To fix Delhi's water services, look at its power reform story
India, May 15 -- As Delhi braces for another scorching summer, the prospect of water shortages and harried calls for expensive water-tankers looms large. This has become an annual feature, with the summer of 2024 bringing severe water shortages and, tragically, a fatality caused by a water dispute. In contrast, Delhi's power services do not evoke the same sense of foreboding when summer arrives. In June 2024, power demand reached an all-time high of 8,656 MW, yet Delhi experienced minimal disruptions.
But this was not always the case. What is often forgotten is that Delhi's water and electricity services had similar trajectories for over 40 years, from 1957 until 2000. Initially, the Municipal Corporation of Delhi managed both services through the Delhi Water Supply and Sewage Disposal Undertaking and the Delhi Electric Supply Undertaking. In 1992, these services were transferred to the newly formed Delhi state government, with the creation of the Delhi Jal Board (DJB) in 1998 and the Delhi Vidyut Board (DVB) in 1997. They mirrored each other in not just institutional arrangements, but also their inefficiency and poor service levels.
In the late 1990s, power supply crises were a norm in Delhi. In 1997, the city faced daily power cuts of over six hours, even in the VIP areas of Lutyens' Delhi. Markets and office complexes were engulfed by the stench of genset emissions. Spurred by the acute power crisis, the growing fiscal burden of DVB's losses, and a national policy impetus for electricity reform, the Delhi Electricity Reform Ordinance was promulgated and the relevant Act passed in 2000. This introduced an independent regulator- the Delhi Electricity Regulatory Commission (DERC) - and unbundled DVB into a holding company, a transmission company, and three distribution companies (discoms) in which private players held 51% stake. The reforms went on to transform Delhi's power services over the following decades.
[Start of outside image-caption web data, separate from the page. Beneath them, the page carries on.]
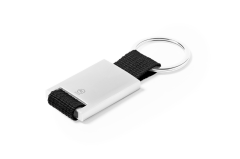 Nyckelring i återvunnen aluminium med logotyp 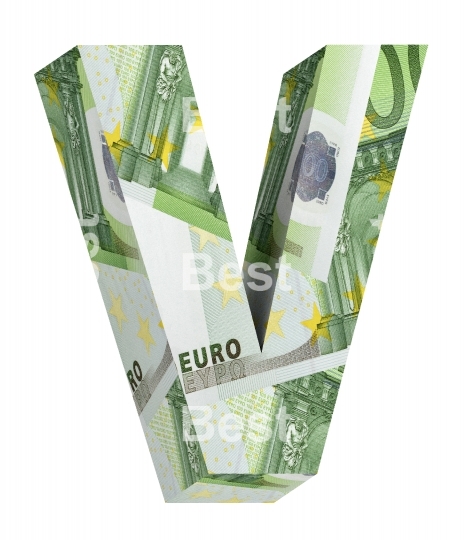 One letter from euro bill alphabet set isolated over white.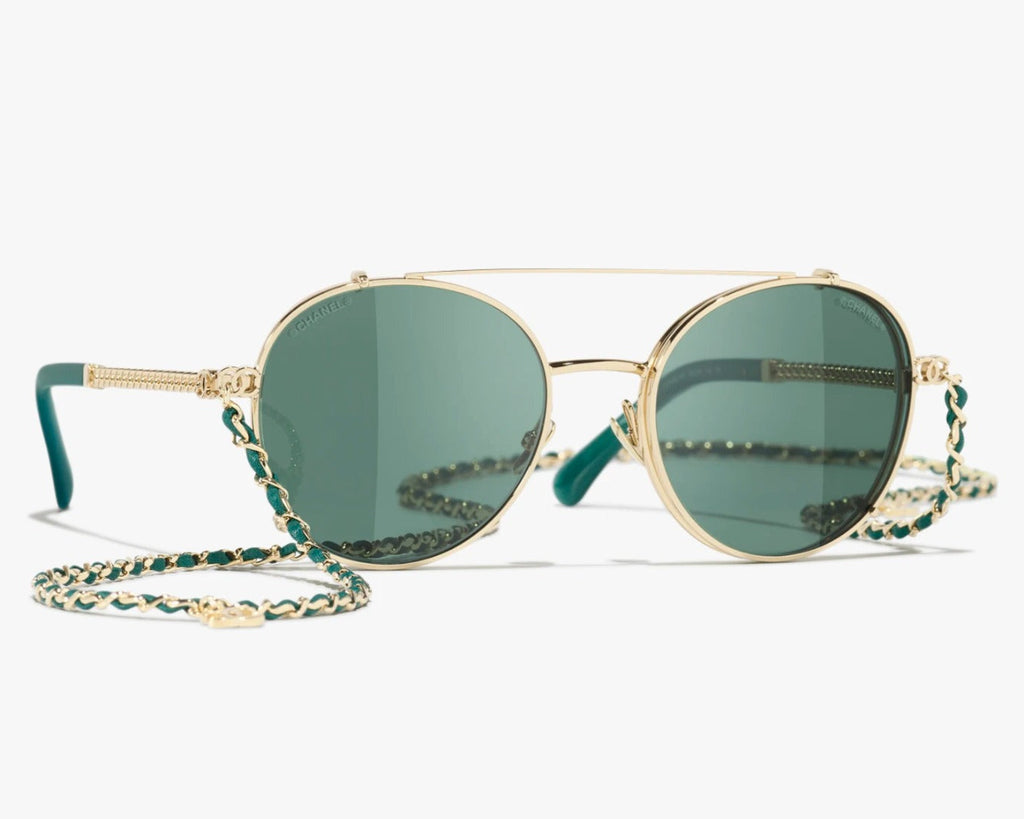 Chanel Women Pilot Calfskin Green Sunglasses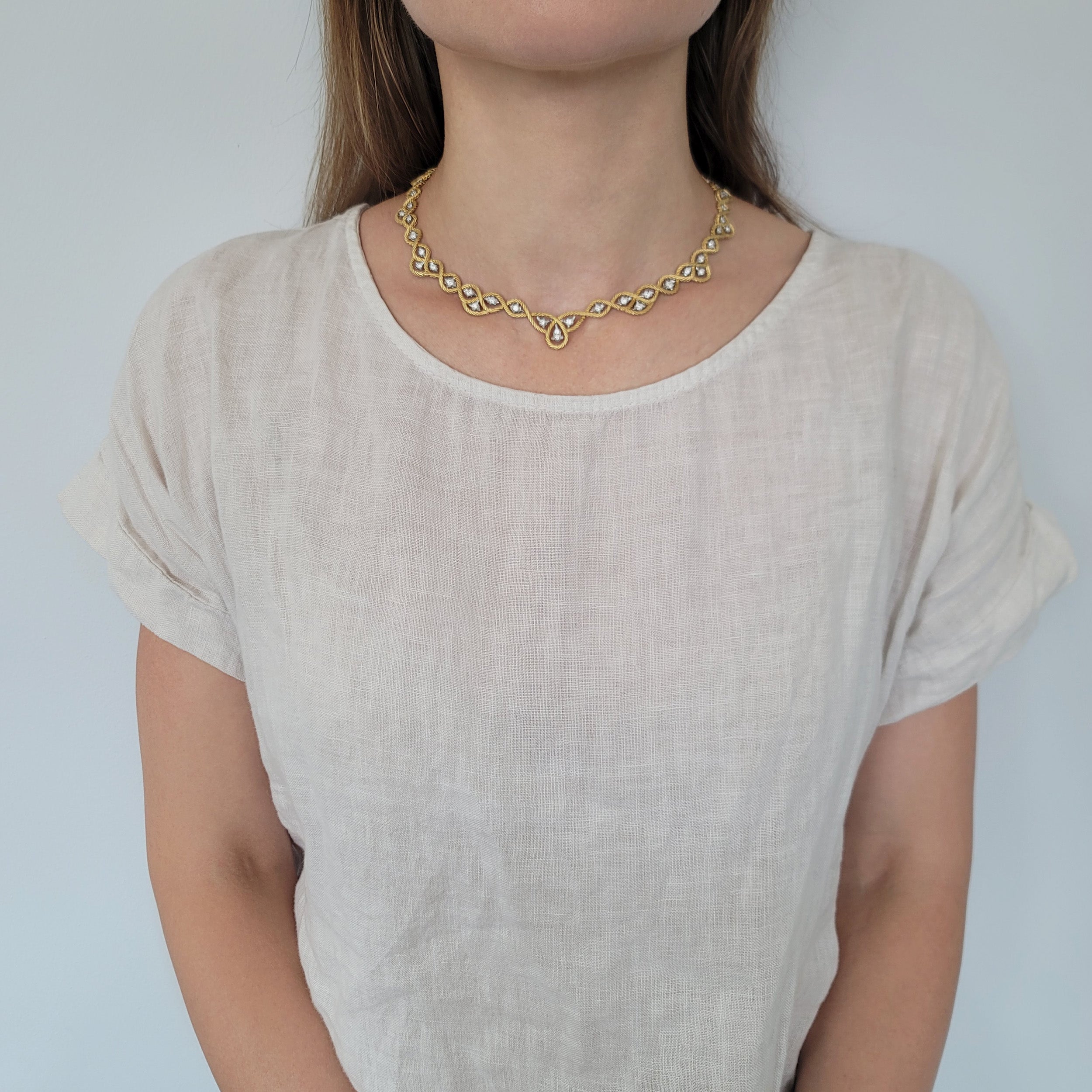 Buccellati Diamond Etoile Necklace In 18k Yellow And White Gold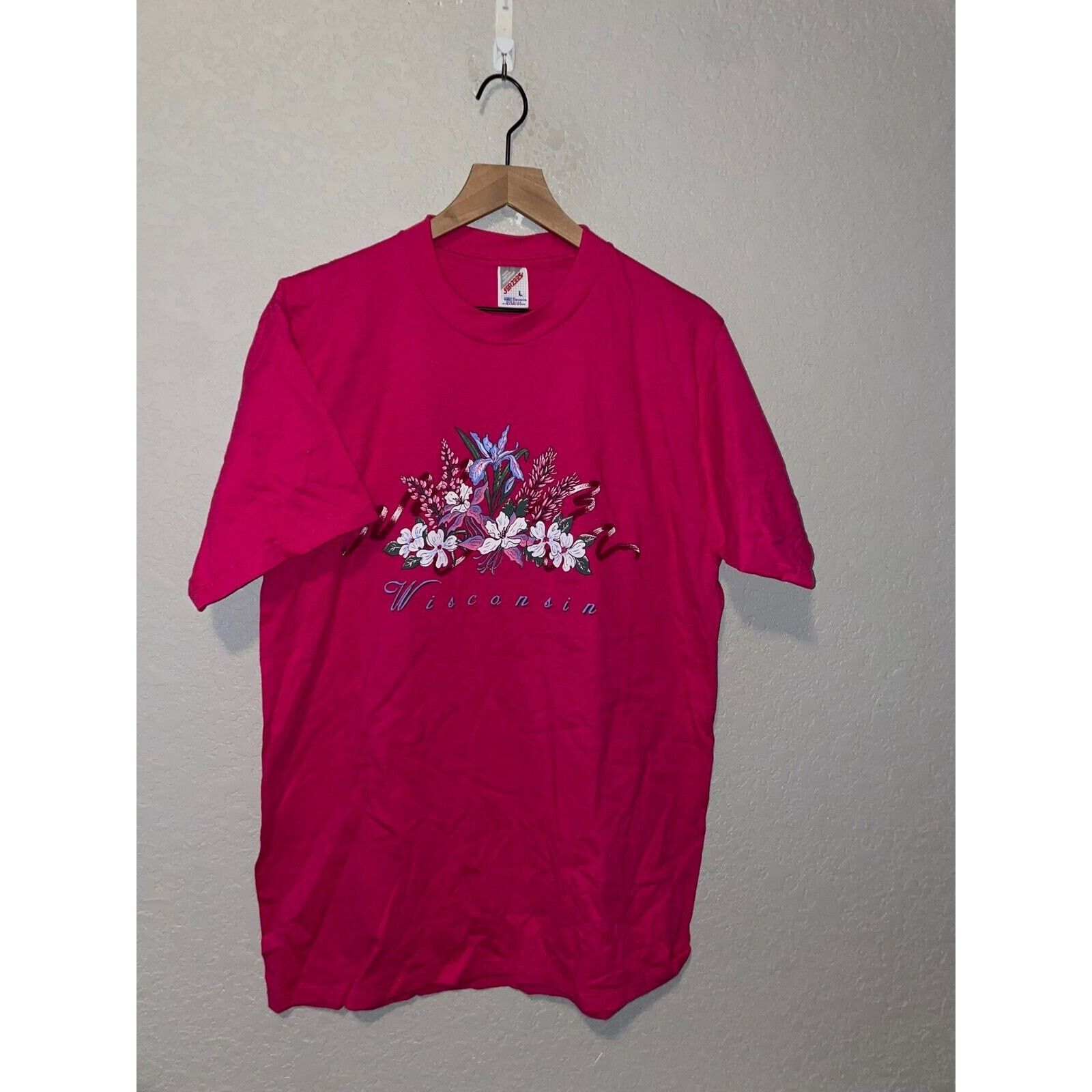 Jerzees Vintage Wisconsin Shirt Pink Flower Test Print Tee VTG 90s L Size US L / EU 52-54 / 3 - 1 Thumbnail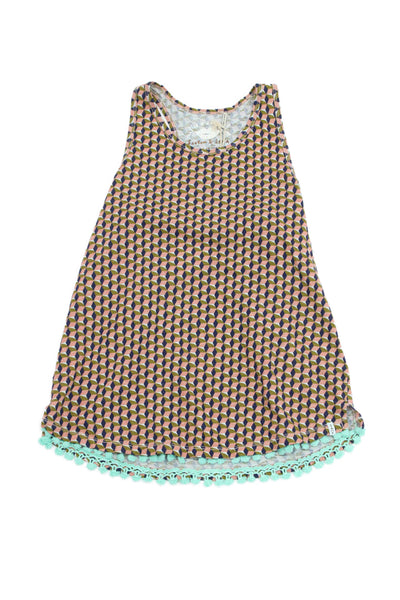 Scotch & Soda Girls Cotton Blend Geometric Print Tank Top Orange Size 12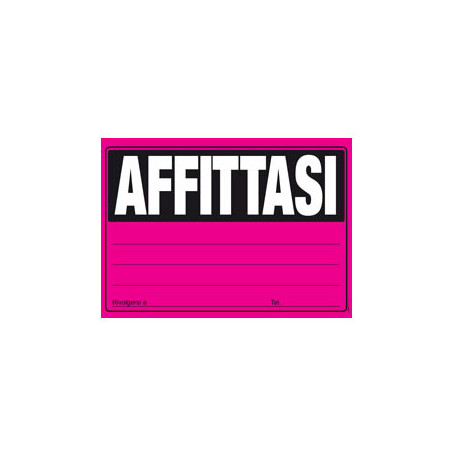 Cartello edipro affittasi 24x33cm colori ass giallo/verde/arancio/fuxia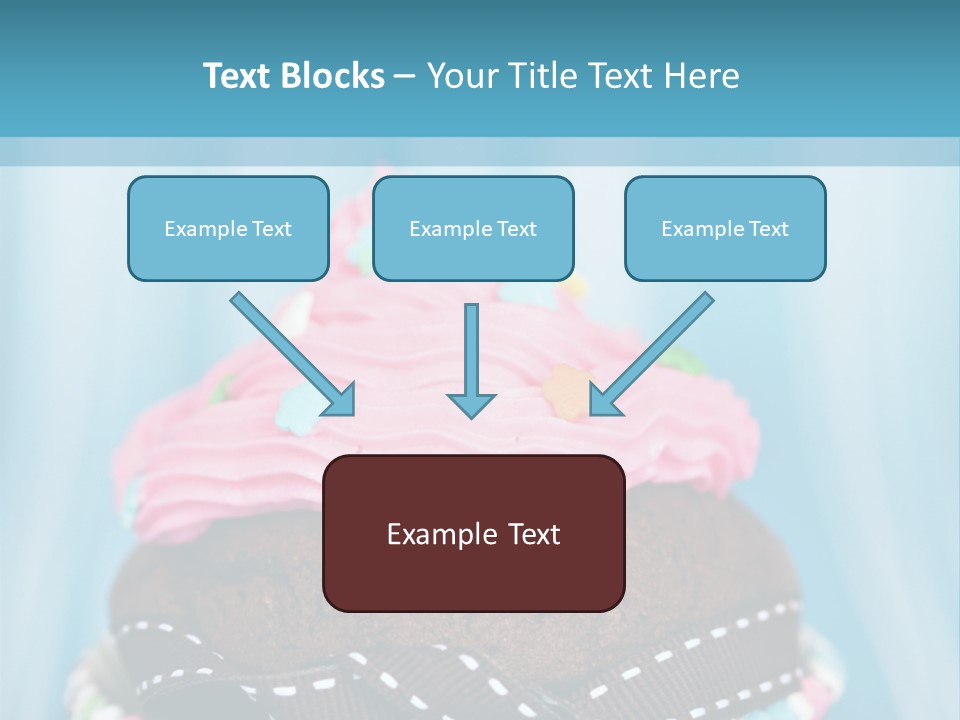 Colorful Cupcake With Ribbons. PowerPoint Template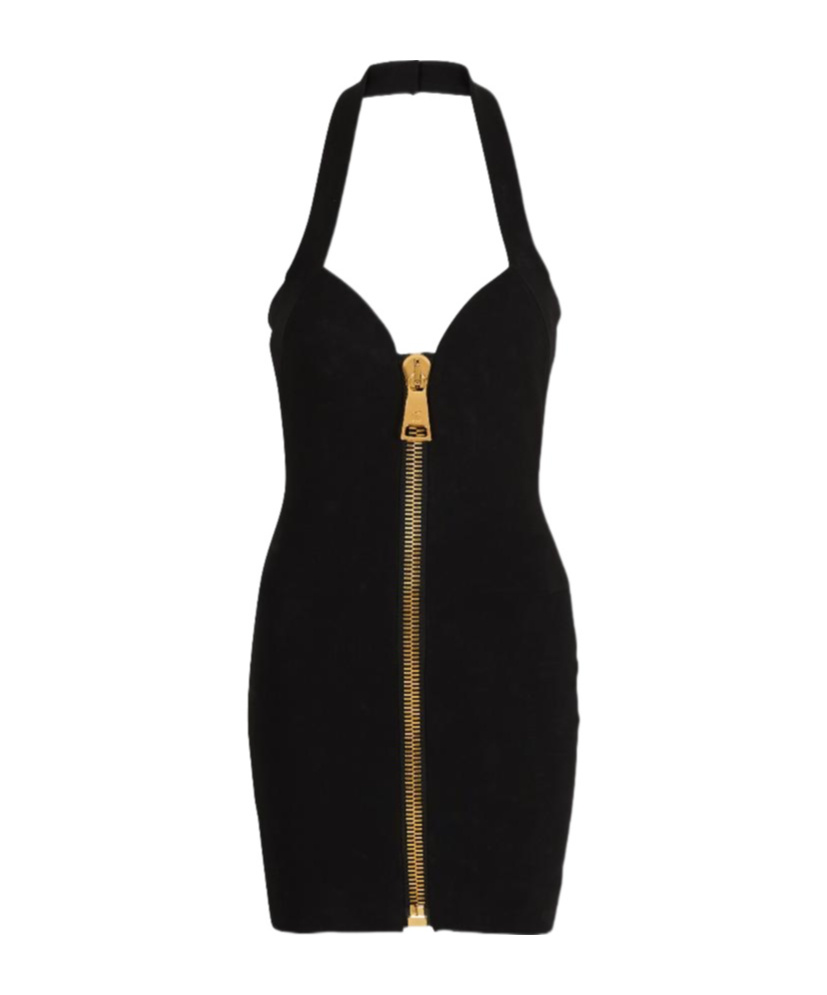 Balmain Backless Zipper Fitted Knit Short Dress In Black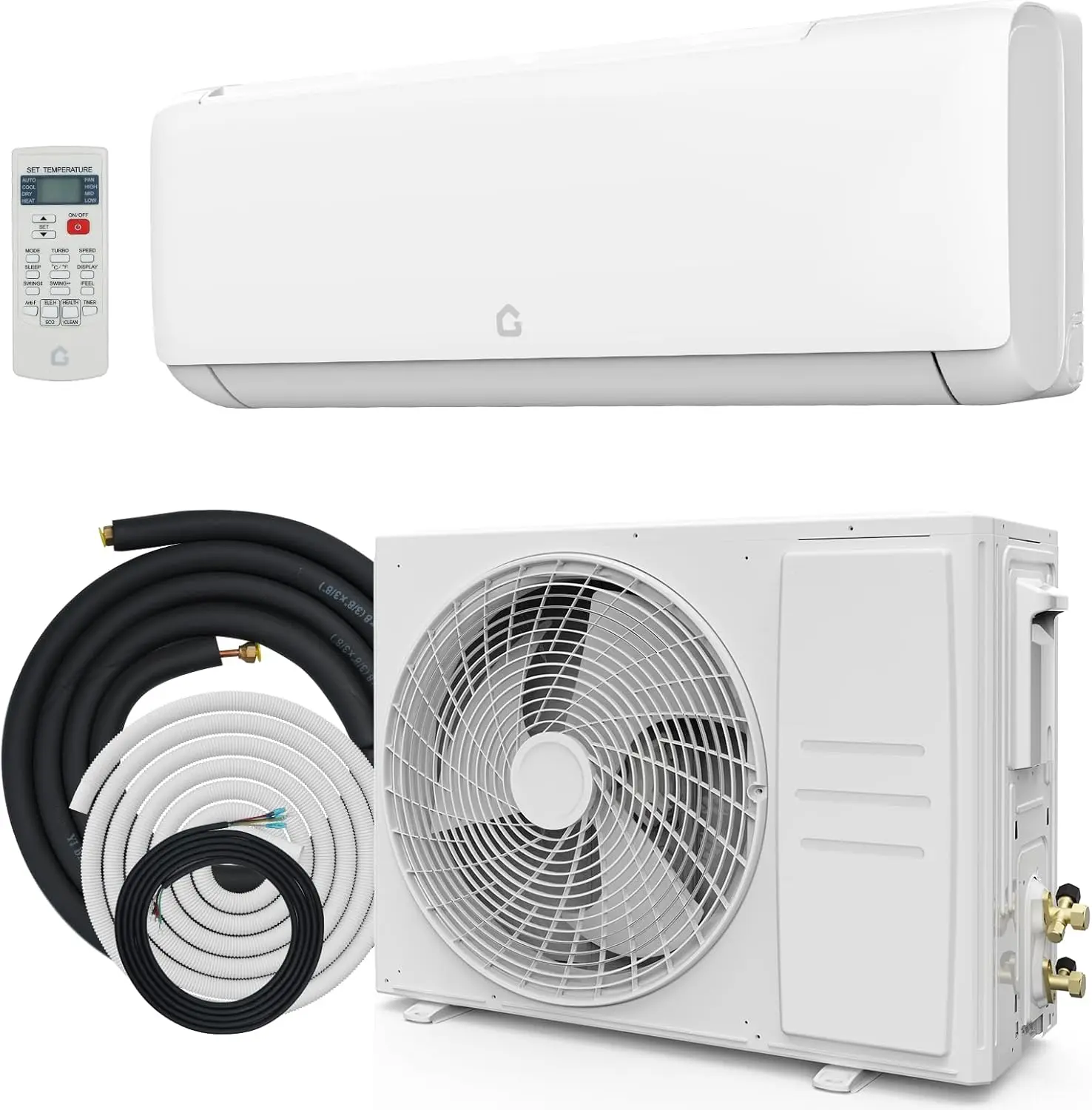 9,000 BTU Ductless Mini Split Air Conditioner - 18.5 SEER Energy Efficient Inverter Heat Pump, Aircon Cooler, Cools Up to 750 Sq. Ft, Pre-Charged Condenser, Installation Kit, Remote Control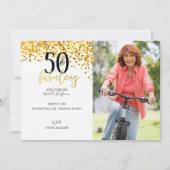 金ゴールド50と素晴らしい50バースデーパーティ招待状 招待状 (正面)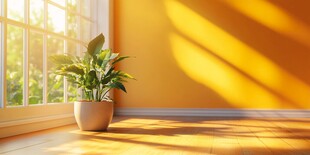 黄色室内暖光太阳光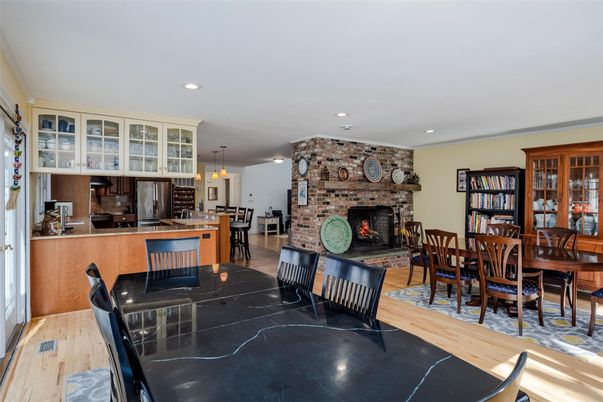 Dining room, Fireplace, Interior, Kitchen, Pendant Lights, Recessed Lighting, Stone Walls, Wood Texture Flooring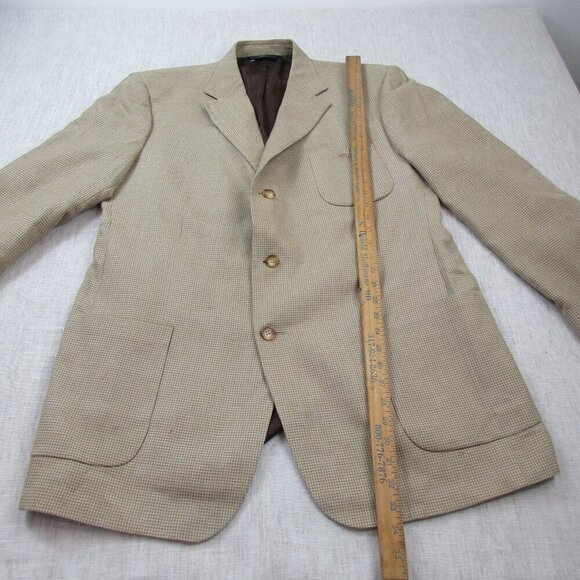 Brooks Brothers 346 Blazer Jacket Mens Beige Houndstooth Wool Single Breasted - Picture 10 of 13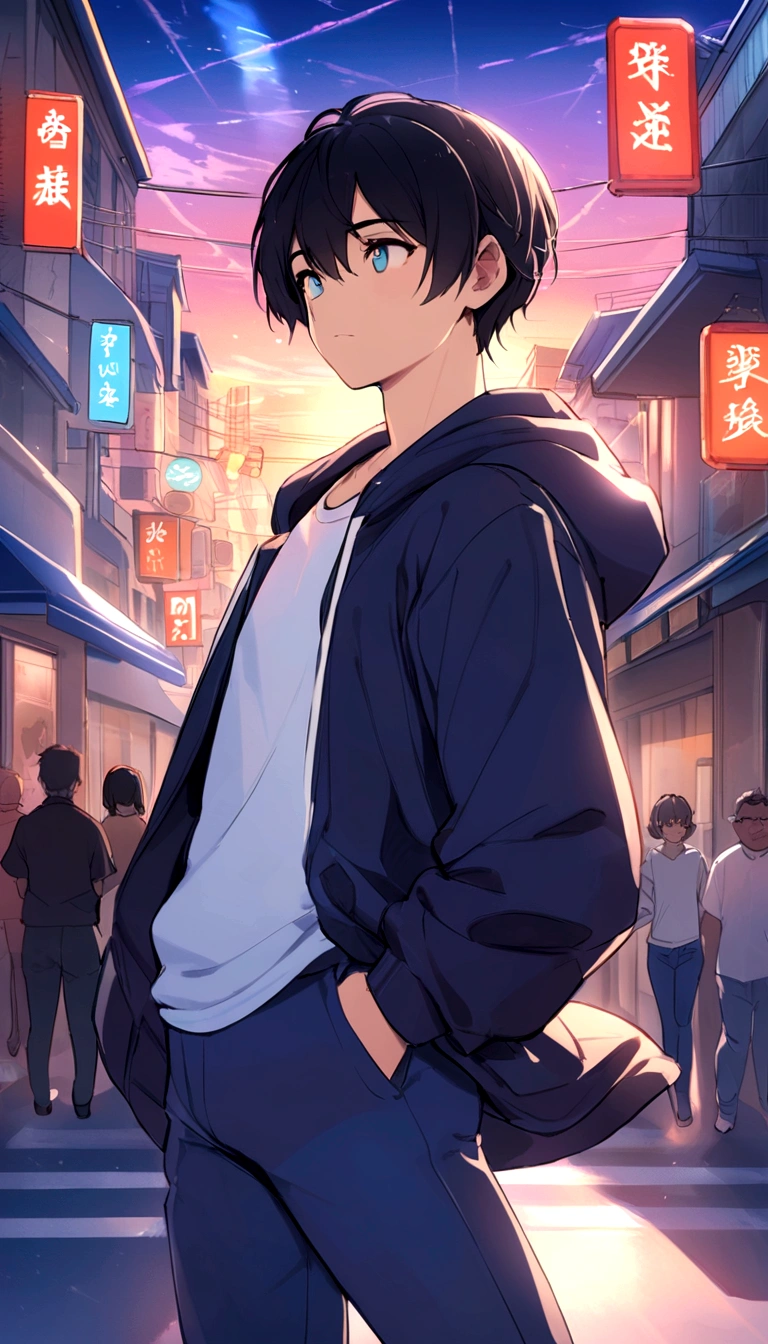 masterpiece、adult、30Generational Uncle、Twink、amount、30 years old、Black-haired、Black jacket、Black trousers、White T-shirt、Put your bangs up、amountを突き出す、Twink、Detailed drawn eyes、Handsome、In the city、Starry Sky、Mysterious Light、Dramatic Light、The power of film、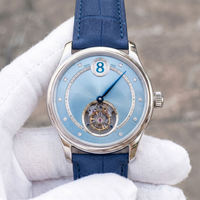 Montre mécanique tourbillon automatique à mouvement Jumping Hour, cadran bleu glace effet rayon de soleil, logo personnalisé, fabricants de montres-bracelets OEM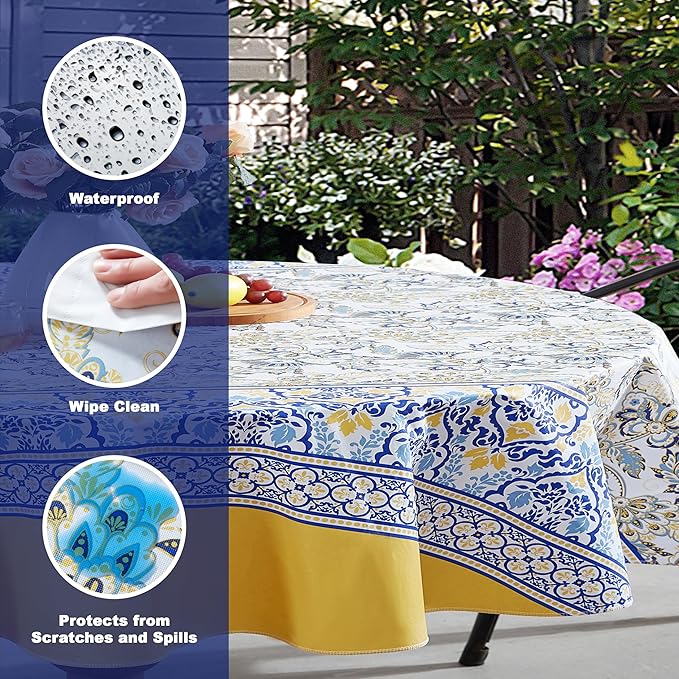 Home Bargains Plus Oval Vinyl Tablecloth with Flannel Backing, 60 x 84 Inch, Alluring French Country, Yellow and Blue Floral Vinyl Table Cover, Heavy Weight for Dining Party and Barbecues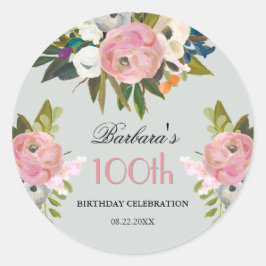 Pegatina Redonda Elegant Handpainted Floral 100th Birthday Welcome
Meanwhile, the water sector, which was also plagued by inefficiency and poor service levels, remained devoid of any such reforms. A reform attempt around 1998 ran into political controversies and was abandoned. In recent years, a few performance improvement projects were taken up with private sector participation for distribution in select areas of Delhi, which have had mixed results. Importantly, the learnings from these projects have not been leveraged for a scaled-up intervention.
Unlike the power sector, there has been no national policy impetus for water sector reform, since water is a state subject. National missions like JNNURM, AMRUT and Jal Jeevan Mission have mostly focused on addressing infrastructure gaps in the sector rather than systemic change. Two decades after the power reforms, a comparison of the two sectors shows a stark contrast.
Losses: Technical and commercial losses in the electricity sector fell from 55% in 2002 to 7.5% in 2021, translating into substantial savings for the government. Load shedding decreased from 4.9% in 2001 to 0.055% in 2019. In contrast, DJB's technical and commercial losses (i.e. non-revenue water) remain alarmingly high at 58%, slightly worse than 52% from fifteen years ago. There are sharp service inequities across the city, frequent instances of water contamination and supply disruptions, with continued dependence on water tankers in large parts of the city.
Institutional oversight: Power discoms operate under the Companies Act with regular audits, annual reports, and oversight by the DERC. In contrast, DJB's annual reports are sporadic, released with a lag of several years, and mostly unaudited. DJB lacks robust regulatory oversight and continues to depend on outdated monitoring systems - the implementation of bulk flow meters and SCADA is still work-in-progress, decades after their adoption in other parts of the world.
Subsidy structures: Both sectors provide subsidies to small consumers. Power discoms are reimbursed for subsidies after a detailed review by DERC, ensuring accountability. In contrast, water subsidies are merged with operational losses and covered by budgetary transfers to DJB, blurring accountability for both financial sustainability and social equity. The evolution of Delhi's power and water sectors shows that while reform transformed the former, the latter has stagnated.
The success of Delhi's power sector highlights the potential of targeted institutional reforms. Lessons can also be drawn from the experience of another successful utility in the capital, namely the Delhi Metro Rail Corporation. It showcases the model of a well-run, globally recognised public utility, operating as an autonomous, professional entity under the Companies Act and governed by the Metro Railways Act 2002. It serves as another example of how with appropriate institutional frameworks and empowered management, utilities in Delhi can deliver high-quality services.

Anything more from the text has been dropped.